Within the first 30 seconds, Kevin Spacey's character Frank Underwood has killed something- in this case dispatching an unfortunate dog which has been hit by a hit and run driver. And as the political intrigue starts to develop around him, Spacey just fills the screen. By the end of the first episode, it isn't so much that you have forgotten Ian Richardson as Urqhuart, Underwood's British cousin, but realised that Spacey is taking us somewhere different.
With Francis Urqhuart you got the impression he was always a psychopath, waiting for the trigger to start his Macchiavellian and murderous rise. Underwood seems to be just a more clever, more ruthless and less hypocritical politician than those around him. The fundamentals of the show - the scorned and bitter political back room fixer, the Lady Macbeth figure of Francis' wife, the ambitious young woman journalist, but all updated.
Mrs Underwood is no Tory wife, waiting "in the country" while her husband charts his rise to power. She is the one giving him the backbone to do it. And as we see her brutally wielding the axe at the charity in which she works, it becomes clear she is no slouch in the ruthlessness stakes herself.
The character of Zoe Barnes, the young reporter, is in a lot of ways more rounded than Matty Storin in the British version. Here she is ballsy, ambitious and a bit ruthless herself.
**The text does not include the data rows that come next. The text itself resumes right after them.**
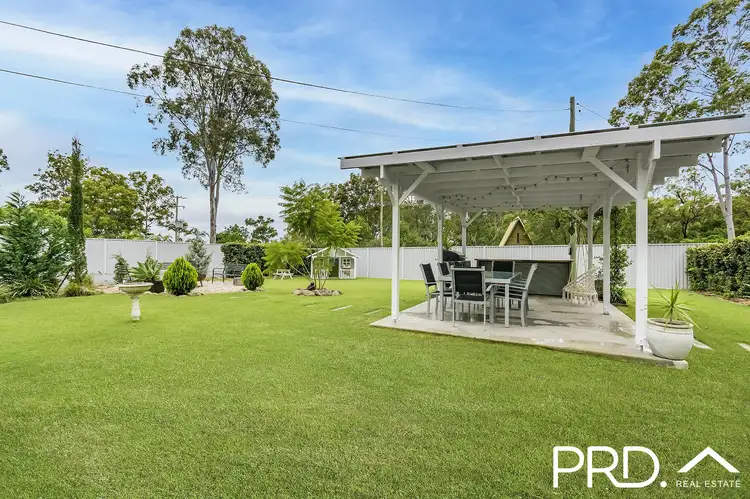 Second view of Homely house listing, 25 Tarrant Drive, Mudgeeraba QLD 4213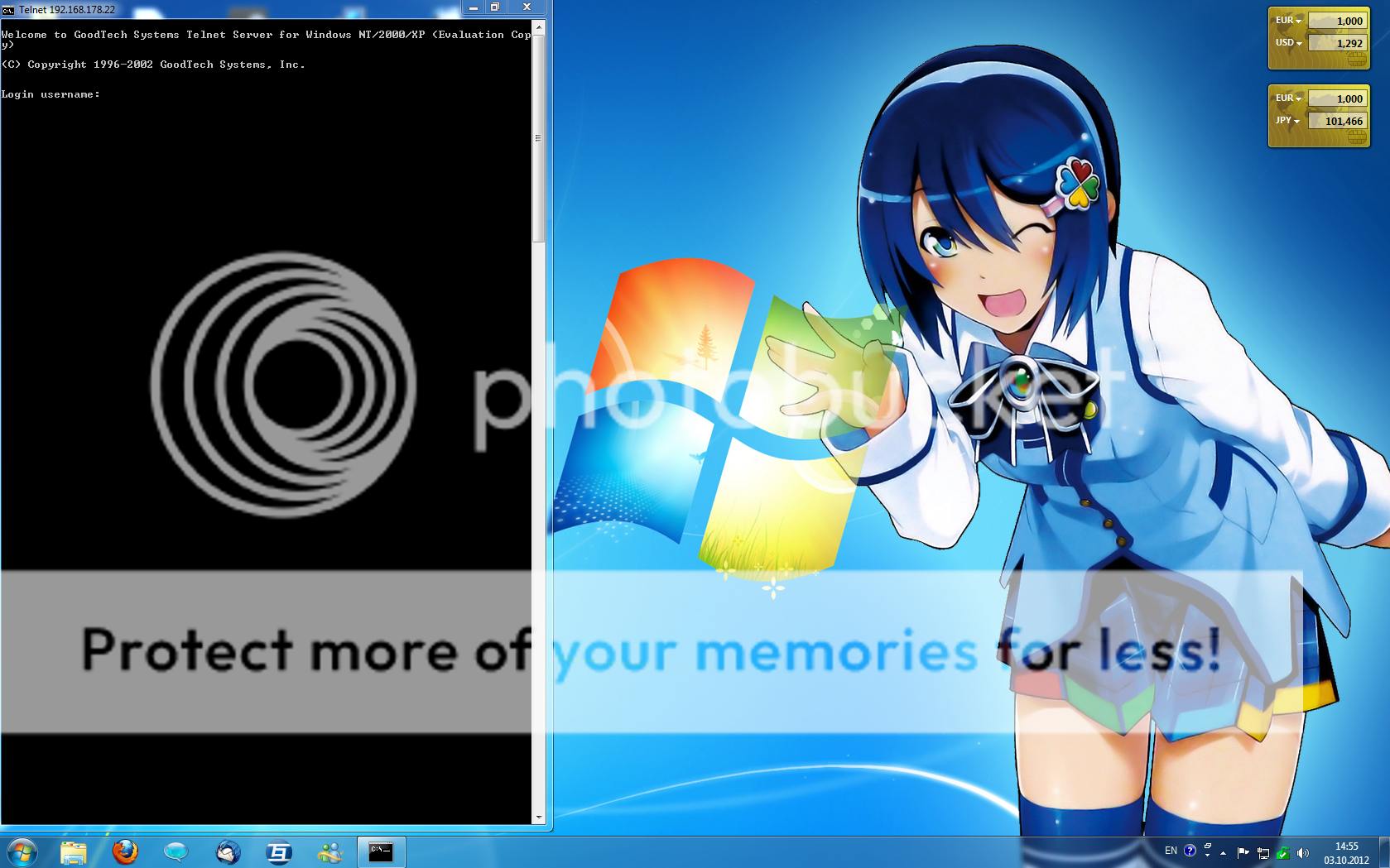 Forum Image: http://i1327.photobucket.com/albums/u675/dodidu/telnet_zpsff0ce653.png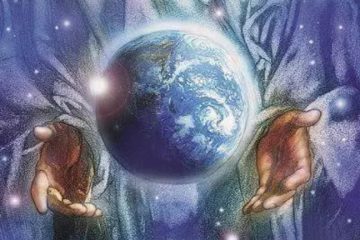 LES CHANGEMENTS ÉNORMES ET MASSIFS QUE VOUS SOUHAITEZ TOUS SUR LA TERRE LES CHANGEMENTS ÉNORMES ET MASSIFS QUE VOUS SOUHAITEZ TOUS SUR LA TERRE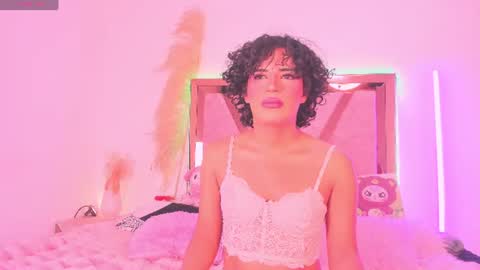 Snapshot of thamii_campanitaa chatting on July 19, 11:03 am thami campanita online show from July 19, 11:03 am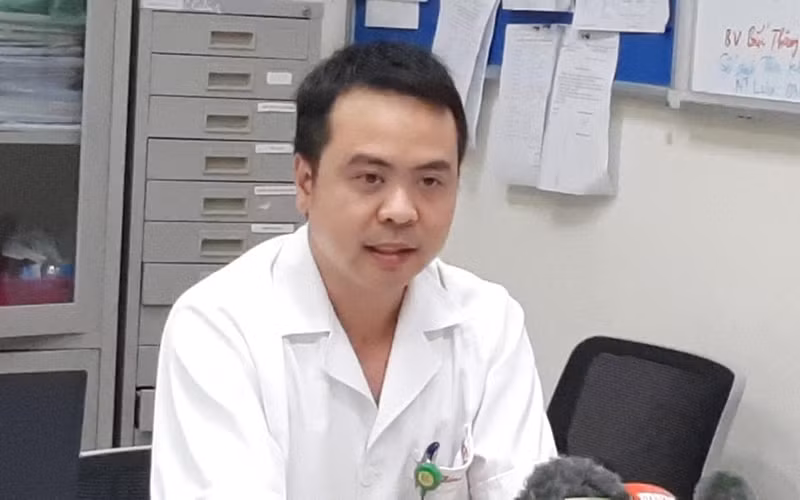 Sẵn sàng cho 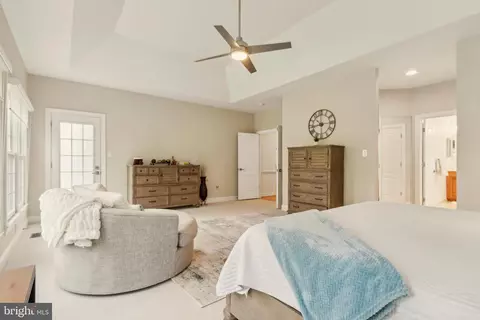 Bedroom - 8158 Snead Loop, Gainesville, VA 20155 photo 3 of 16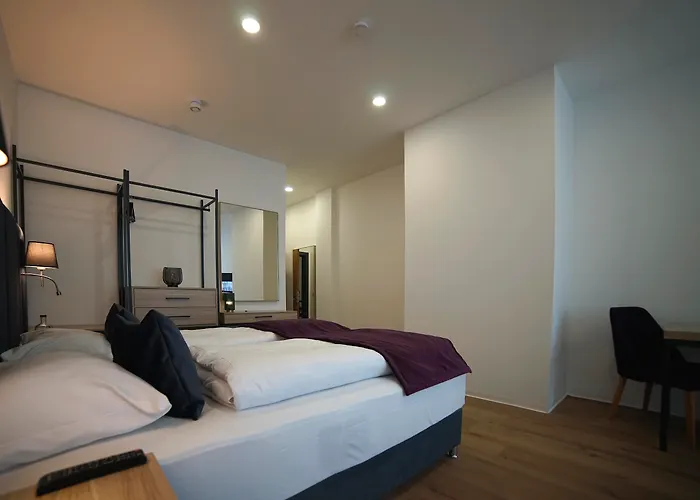 Otel Diwotel By Trip Frankfurt Airport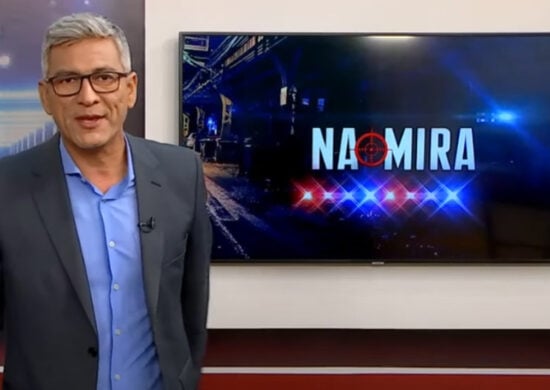 AM: assista ao Programa Na Mira desta segunda, 3 de abril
While she retains the innocence of the character, she gives the impression she thinks she knows what she is doing. Which will make later episodes much more juicy as she realises she is way over her head.
The show is shot beautifully, as you'd expect from the calibre of the team behind it, and the production values are excellent. Supporting roles are great. It looks like a movie or The West Wing before they ran out of money.
But the undisputed joy of this series is Spacey, who is a more world-weary, more cynical Francis, and who is setting about his task of revenge and ambition much like he destroyed the unlucky dog at the start of episode 1: its an unpleasant task but someone has to do it.
Spacey is every bit as good as Ian Richardson in this show and Netflix's big gamble deserves to pay off.